Copying gs://public-datasets-idc/a9becaad-6cd1-4ec1-be7b-3c8b3700e07c.dcm...
/ [3 files][  1.3 MiB/  1.3 MiB]                                                
==> NOTE: You are performing a sequence of gsutil operations that may
run significantly faster if you instead use gsutil -m cp ... Please
see the -m section under "gsutil help options" for further information
about when gsutil -m can be advantageous.

Copying gs://public-datasets-idc/b630454f-147c-4e8a

## `s5cmd`

See details in https://learn.canceridc.dev/data/downloading-data/downloading-data-with-s5cmd. 

The steps below assume you created a Service Account, generated a key, and saved your credentials in Google Drive (those steps are covered in the aforementioned documentation article).

In [15]:
from google.colab import drive

drive.mount('/content/gdrive')

!mkdir -p ~/.aws

Mounted at /content/gdrive


In [None]:
!cp /content/gdrive/MyDrive/aws/credentials ~/.aws

In [None]:
!wget https://github.com/peak/s5cmd/releases/download/v2.0.0/s5cmd_2.0.0_Linux-64bit.tar.gz
!tar zxf s5cmd_2.0.0_Linux-64bit.tar.gz
!mv s5cmd /usr/bin

The cell below is just a quick test to confirm that the setup is working. If the file is copied without issues, we are all set.

In [None]:
!s5cmd --endpoint-url https://storage.googleapis.com cp s3://public-datasets-idc/eae91afc-1977-4728-9d6a-06f782c696d4.dcm .

Content of the manifest that can be used with `s5cmd` is a bit different.
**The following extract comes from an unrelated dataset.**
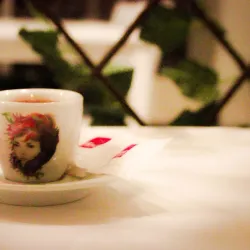 Local Cafes and Restaurants - Zavidovici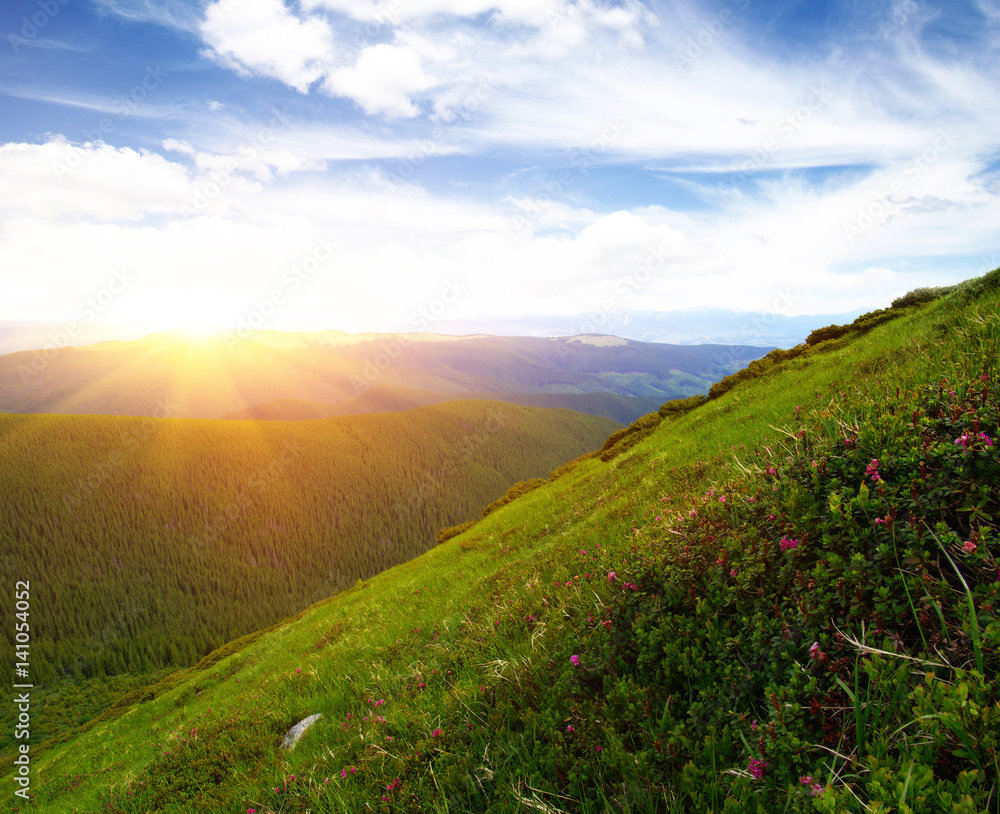 Mountain landscape on sun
The cell below demonstrates how to create it.

In [19]:
# create s5cmd manifest file for the subsequent download of files
import os
try:
  os.mkdir("s5cmd_downloaded_files")
except FileExistsError:
  pass
("cp "+selection_df["gcs_url"].replace(to_replace="gs://",value="s3://", regex=True)+" s5cmd_downloaded_files").to_csv("s5cmd_manifest.txt", header=False, index=False)
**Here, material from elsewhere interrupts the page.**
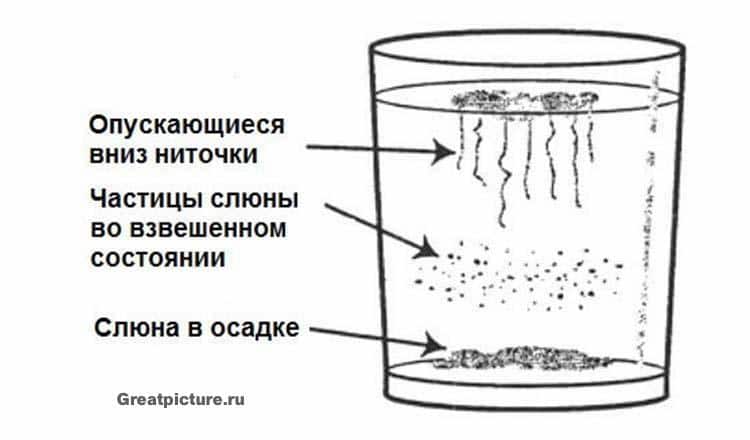 Домашний тест на наличие грибка кандида в организме и способы лечения дисбаланса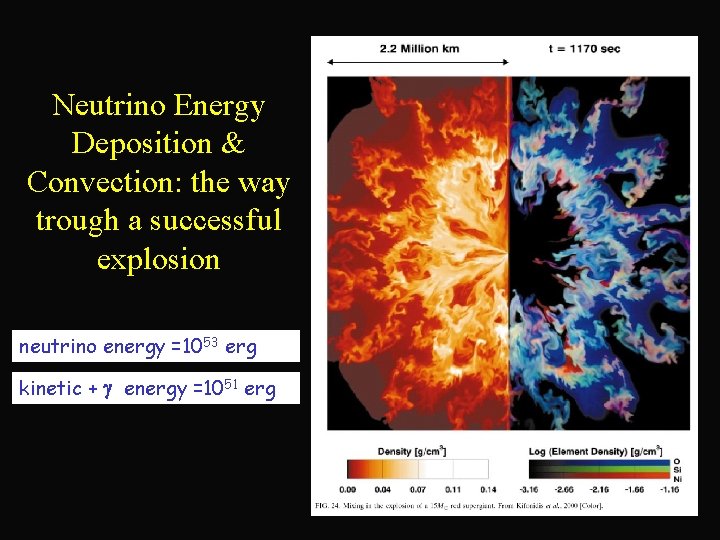 Neutrino Energy Deposition & Convection: the way trough a successful explosion neutrino energy =1053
Once manifest is ready, use the following command to download the files.

In [20]:
%%capture
!s5cmd --endpoint-url https://storage.googleapis.com run s5cmd_manifest.txt

# Sorting

In [21]:
%%capture
!pip install pydicom
!git clone https://github.com/pieper/dicomsort
!sudo apt-get install dcmtk

In [22]:
import os
os.environ["SORTED_DEST"] = "/content/IDC_sorted"

!mkdir -p $SORTED_DEST
!rm -rf $SORTED_DEST/*
!python dicomsort/dicomsort.py -k -u $DOWNLOAD_DEST ${SORTED_DEST}/%StudyInstanceUID/%SeriesInstanceUID/%SOPInstanceUID.dcm

100% 188/188 [00:40<00:00,  4.62it/s]
Files sorted


# Misc

## Mount Google Drive

Since everything you save in your Colab instance will disappear after restart, you may want to use some persistent location, such as Google Drive, for saving your artifacts.

In [23]:
from google.colab import drive

drive.mount('/content/gdrive')

Drive already mounted at /content/gdrive; to attempt to forcibly remount, call drive.mount("/content/gdrive", force_remount=True).